Excel Question - text not recognized in cells

N

Nils

I use the sumproduct formula and refer to cells containing text. In this
case, the cell can contain either 'Buy' or 'Sell'. Now sometimes Excel does
not recognize the text in the cell correctly. When I re-enter the text, it
does recognize it. How is this possible and how can I solve it in a
fundamental way?
 
P

Pete_UK

Perhaps you had leading or trailing spaces in those cells, or, if you
downloaded the data from a web site, maybe the non-breaking space
character (char 160). You can highlight the data, do CTRL-H (Edit/
Replace) and:

Find what: <space>
Replace With: leave blank
click Replace All

Then CTRL-H again, and:

Find what: Alt-0160
Replace With: leave blank
click Replace All

where Alt-0160 means hold the Alt key down and type 0160 on the
numeric keypad, then release Alt.

Hope this helps.

Pete
 
R

Ron Rosenfeld

I use the sumproduct formula and refer to cells containing text. In this
case, the cell can contain either 'Buy' or 'Sell'. Now sometimes Excel does
not recognize the text in the cell correctly. When I re-enter the text, it
does recognize it.

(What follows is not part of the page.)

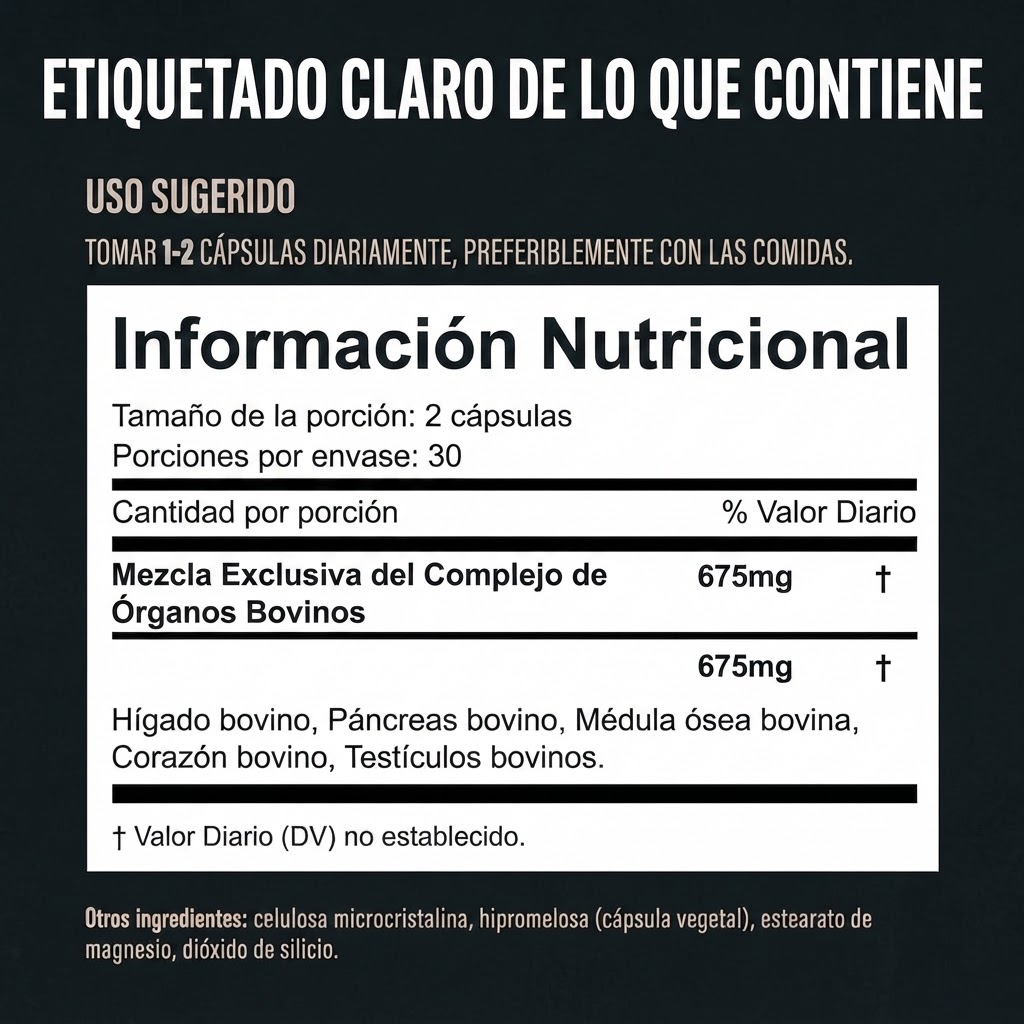 Complejo de órganos de res.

How is this possible and how can I solve it in a
fundamental way?

Another way of recognizing Buy or Sell, even if there is additional "stuff" in
the cell, is to use the SEARCH function (or FIND function if you need this to
be case sensitive).

e.g. =SUMPRODUCT(--ISNUMBER(SEARCH("Buy",A1:A10)),B1:B10)

--ron
 
P

Peo Sjoblom

You can't avoid them if you copy and paste from the web, if they are tables
you can use
data>import external data>new WebQuery


--


Regards,


Peo Sjoblom
 
S

ShaneDevenshire

Hi Nils,

I'm not sure what you mean by "how can I get the Alt-0160?" but you can
incorporate the TRIM and CLEAN functions into your SUMPRODUCT function. TRIM
removes trailing and leading spaces and all but one space between each word.
CLEAN removes some of the hidden characters. When both of these fail you can
employ SUBSTITUTE with CHAR(160).

If you supply a sample of your formula we can modify it.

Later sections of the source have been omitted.